Work this past weekend

As some of you read, Thursday was a bad day at work. Friday I had off.

Saturday I was scheduled 6-12. I come in and the D-bag store manager took a cake order for Sunday. He knew before I left Thursday that I still had 5 cakes (mostly full and half sheet cakes) that I was going to have to do Saturday for Sunday pick up. He even looked at the cakes Friday, he knew what I didn’t have done. I called the lady right away, like 6:30am. And left a message saying I am in way over my head. I cannot do her cake too. It was a non-bakery person who took the order.  I hope she has enough to find it elsewhere.
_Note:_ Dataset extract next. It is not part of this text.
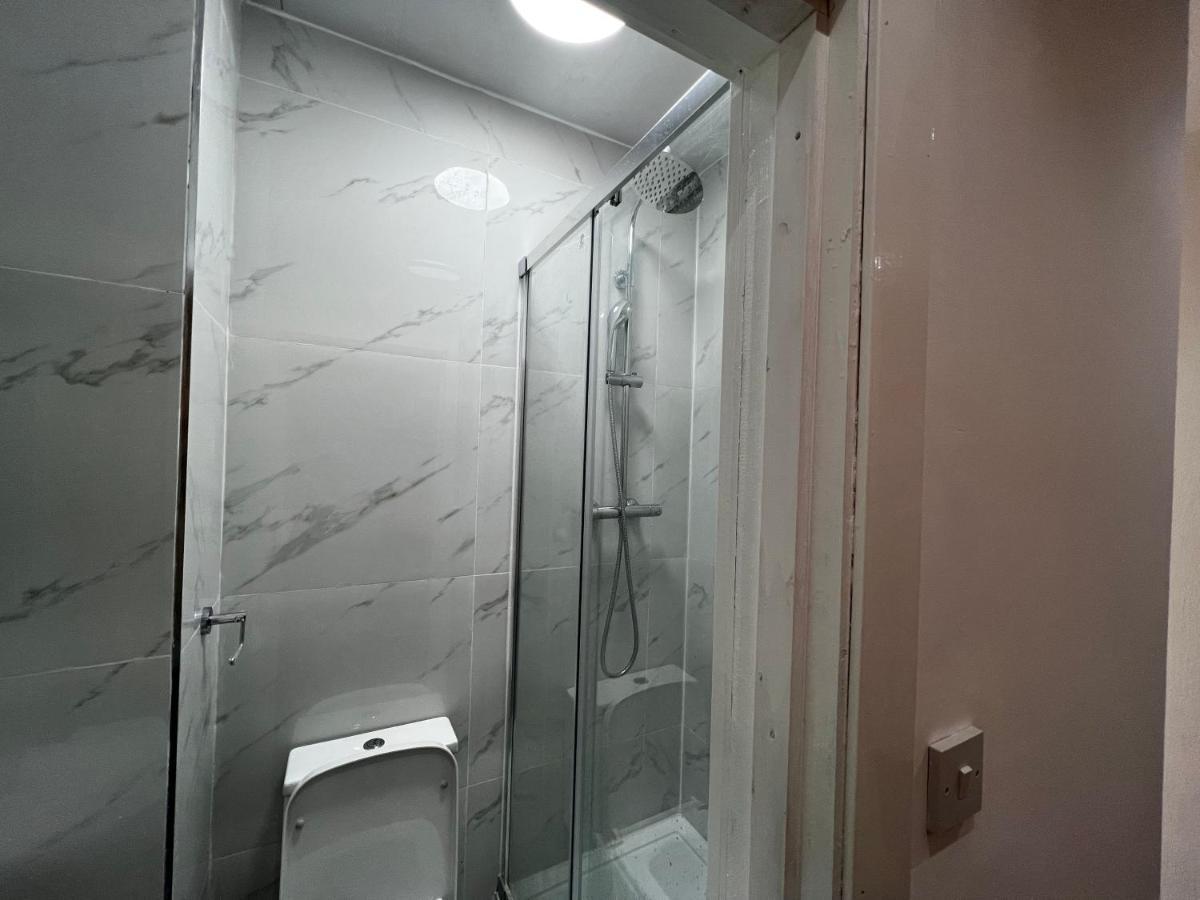 Good Priced Double Rooms In Sherperds Bush Λονδίνο Εξωτερικό φωτογραφία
I just can’t do it. 

She ended up calling, Kinda upset. It was even a mgr that took the order, she knew he wasn’t bakery. I kinda blew up at said that I had notes everywhere saying to not take anymore orders for the weekend. I’m so overwhelmed and he KNEW I’m swamped. We short people and I’m ready to walk out the door. Then she said "you should take it out on the manager, not your customer". I said I know, I’m really sorry I don’t mean to take it out on you, I’m just so overwhelmed. Then she asked if a manager was there. Nobody was there.
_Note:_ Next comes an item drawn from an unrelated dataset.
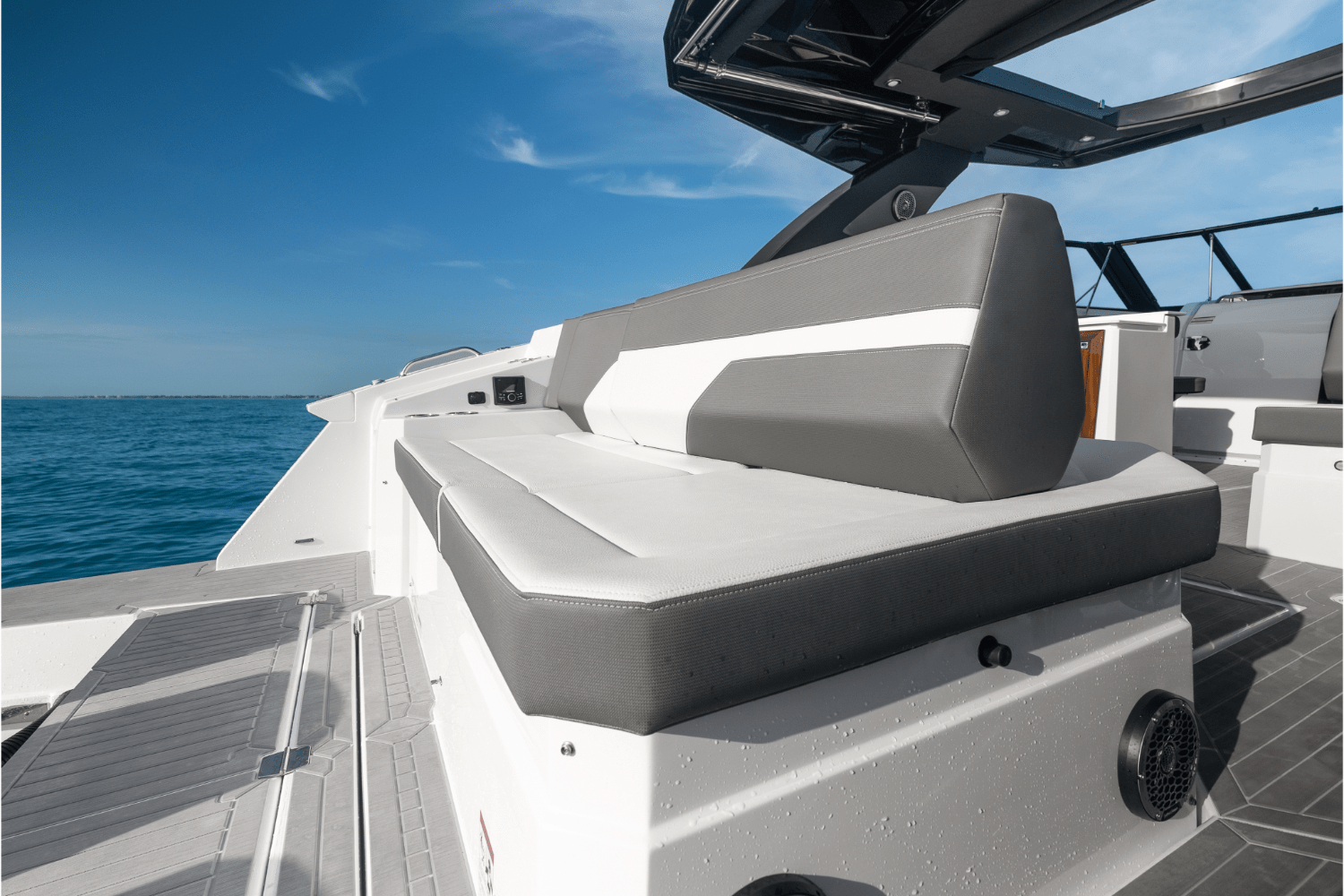 Slide: The Image of Cruisers 38 GLS Outboard 2026 - 59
I called my manager and left a message about this cake and that she might be calling to complain. I wasn’t feeling the greatest, I might not be in Sunday/

Manager called me later on. We talked. I was better now. I was almost done with the last cake and it was 11:30. The thing is she’s really upset too, about how they’re treating us (us as in me and her). That might be partly why I’m upset too, cause she is, kinda rubbing off? I told her I keep telling myself that this is the last big weekend. It should be dwindling down. So far for next weekend there were only 2 orders. The past few weeks there were tons of orders a week prior. I did tell her my only incentive to come in the next day was because I get time and a half.  (I didn’t say this part) I did kinda worry that if I called in (first time EVER and I’ve worked there 7 years), that if this lady calls to complain that I might be in even more trouble. Or for some reason I’d have to make up for it, which doesn’t seem fair but who knows. I don’t want to work next weekend. She did tell me if I need a personal day to do it. I did tell her not to worry I’m not going to quit. I’m just so overwhelmed that that extra cake order just really pushed my button.

Well then, I’m not sure if I mentioned it in the other posts, but I’m still mad that he wants me to change my availability and me be the head decorator. I’m not there enough to be the head one and doesn’t senority matter?

I came in Sunday and it was nice not to decorate anything! I got caught up on baking, which is what the morning shift is suppose to do. There hasn’t been any baking since Wednesday. I baked everything. I thought, what if she doesn’t coming in tomorrow?

That’s where I am in a nutshell. I know things will be getting better now now that grad parties are getting done and over with.